Não podemos desconhecer as tremendas dificuldades e provações que os intérpretes da verdadeira música sertaneja nordestina, aquela do fole, do pandeiro e do ganzá, vêm passando por anos seguidos. Sabemos perfeitamente da luta insana dos poucos abnegados que tentam sobreviver em meio à tão medonha borrasca. Clemilda é parte importantíssima desse reduzido grupo que vive numa inglória luta que tem como principal objetivo preservar essa tão desprezada cultura musical nascida nos recônditos mais escondidos e distantes dos campos, ribeiras e pés de serras de nosso sertão caboclo”.
Por fim, arremata Alcino, fazendo referência ao programa Forró no Asfalto (sucesso também na Rádio Aperipê), “Ali a nossa deusa do forró canta e propaga a cantiga de sua terra de adoção e coração, a terra sergipana e nordestina.
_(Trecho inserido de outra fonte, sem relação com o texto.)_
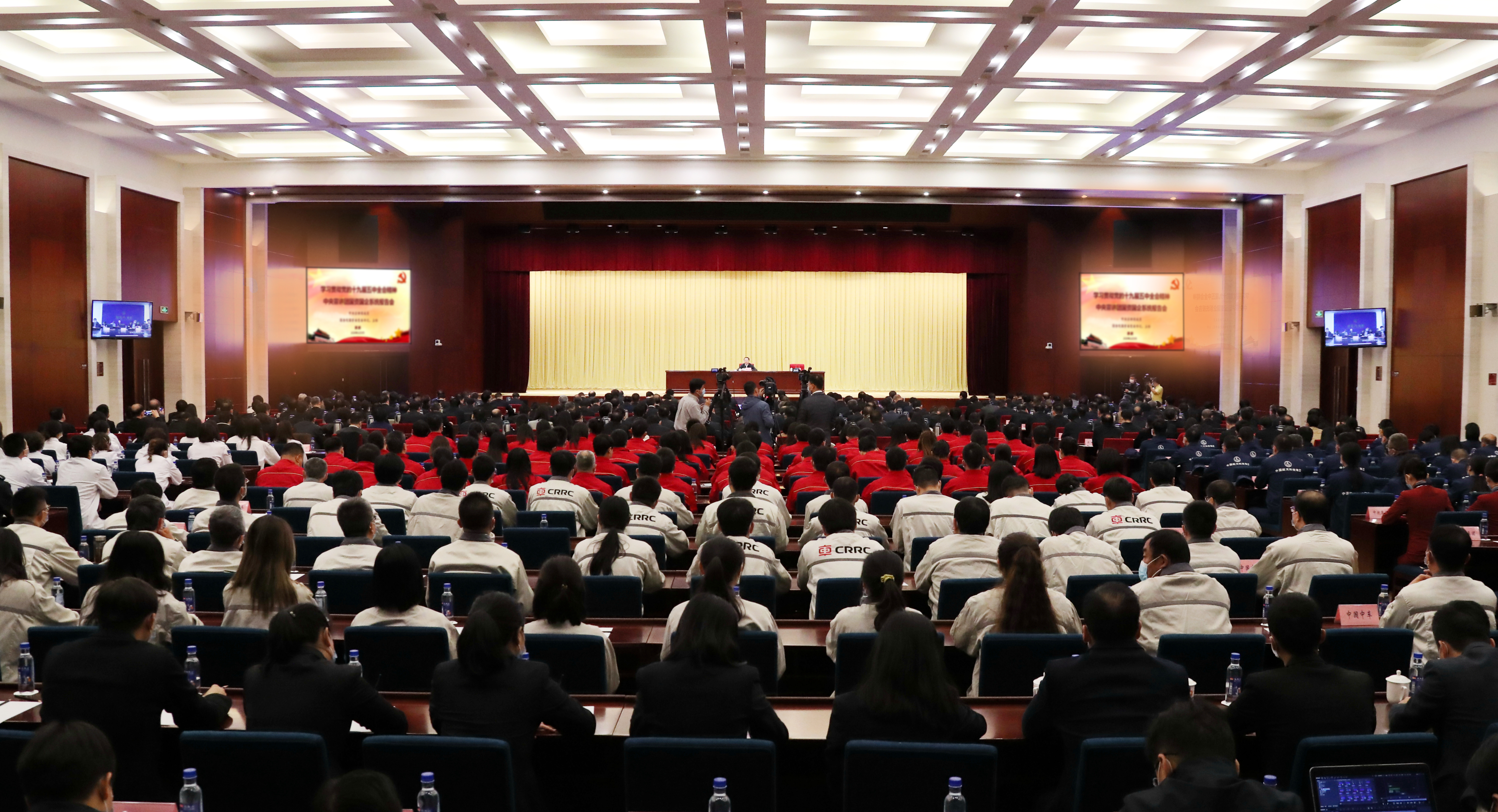 zoty中欧体育·(中国集团)官方网站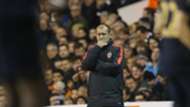 Leonardo Jardim Monaco Champions League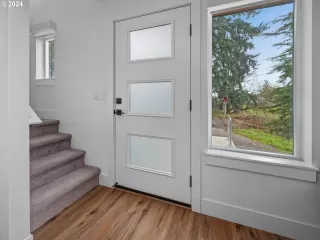 Photo #3: 24534932 Listing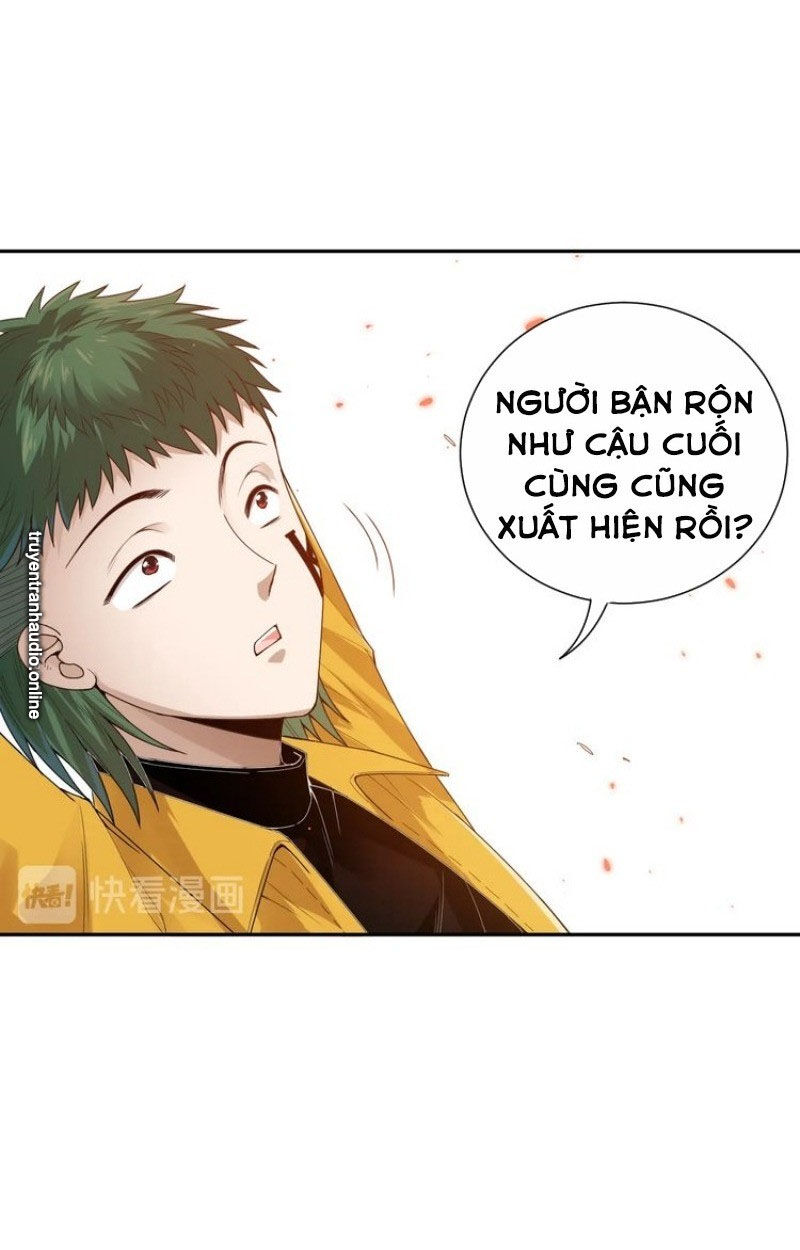 Trang 54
Tudo que se fizer por essa invulgar artista ainda é pouco. Clemilda é patrimônio cultural de Sergipe. Deus lhe abençoe, minha querida heroína e amiga. Deusa e rainha do forró!”.
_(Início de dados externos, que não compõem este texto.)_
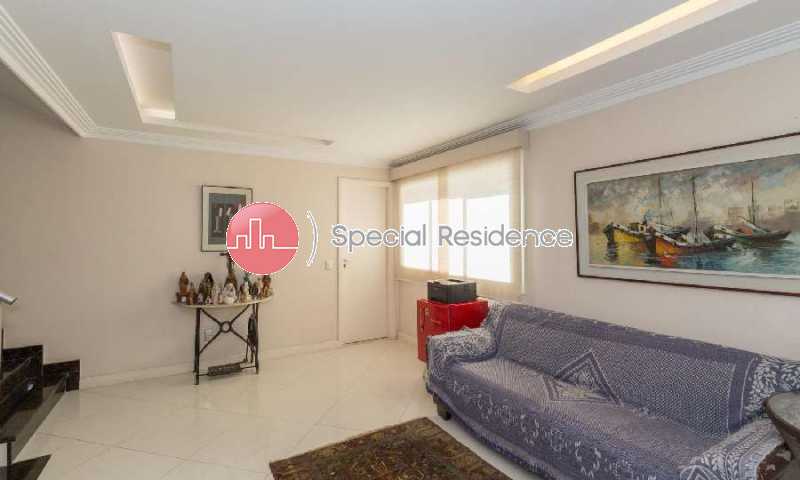 Conheça 7a198752-2240-4fcf-8dd2-1a9252 do imóvel - Casa em Condominio À Venda - Barra da Tijuca - Rio de Janeiro - RJ - 600257 - 10 7a198752-2240-4fcf-8dd2-1a9252 - Casa em Condominio À Venda - Barra da Tijuca - Rio de Janeiro - RJ - 600257 - 10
Tais palavras resumiriam tudo, mas Clemilda merece mais. Inegável que o sucesso alcançado foi também fruto de sua obstinação. Poucas artistas nordestinas conseguiram levar o forró aos grandes espaços radiofônicos e televisivos como ela o fez, pois se tornou presença constante em programas como Cassino do Chacrinha, Clube do Bolinha e Faustão, dentre outros. Sua discografia é vasta, incluindo desde os primeiros discos gravados com Gerson Filho (É pra valer e Forró sem Briga), aos lançados como artista principal a partir de 1967 (Gerson Filho apresenta Clemilda, Fazenda Taquari, Morena Dos Olhos Pretos, Seca Desalmada, Guerreiro Alagoano, Coqueiro da Bahia, Prenda o Tadeu e Forró Bom Demais, só para citar alguns).
De voz aguda, porém delicada, impondo a cada canção um acorde melodioso dos mais afinados, Clemilda foi além da mera interpretação para também se firmar como compositora famosa, de grande sucesso, mas geralmente em parceria com outros compositores nordestinos. Ao lado do artista, tecia a letra, remendava, modificava, e tudo para ficar em conformidade com sua voz. Daí que gostava de pincelar as letras já prontas, fazendo os arranjos necessários para o alcance da melodia desejada.
E foi nesse acuido que a grande artista foi se firmando no meio forrozeiro até alcançar a fama tão difícil e até impensável para uma mulher já de longa estrada musical. Contudo, se por um lado a genialidade artística de Clemilda pode ser mais observada na sua fase de melodias tipicamente nordestinas, por vezes de plangência romântica, seu sucesso maior ocorreu exatamente quando passou a apimentar as letras de suas canções. Quando a música Prenda o Tadeu foi lançada em 1985, logo se tornou em estrondoso sucesso. A partir daí emprestou duplo sentido a outras canções, como Forró Cheiroso (Talco no Salão). Os dois Discos de Ouro, e também de Platina, vieram dessa época.
Ainda que o sucesso absoluto somente chegasse com maior força na fase do duplo sentido, ainda assim estava na artista a destreza pela aceitação popular. Eis que não apenas com letra apelativa, mas tendo por fundo a genial interpretação, e assim porque Clemilda, com seu gingado e seu rebolado caipira, sempre foi uma atração à parte. Por isso tanto e duradouro sucesso. E assim sempre será pela eterna gratidão que lhe guarda o povo nordestino, principalmente sergipano, por ter a honra e glória de acolher tão bela flor agrestina.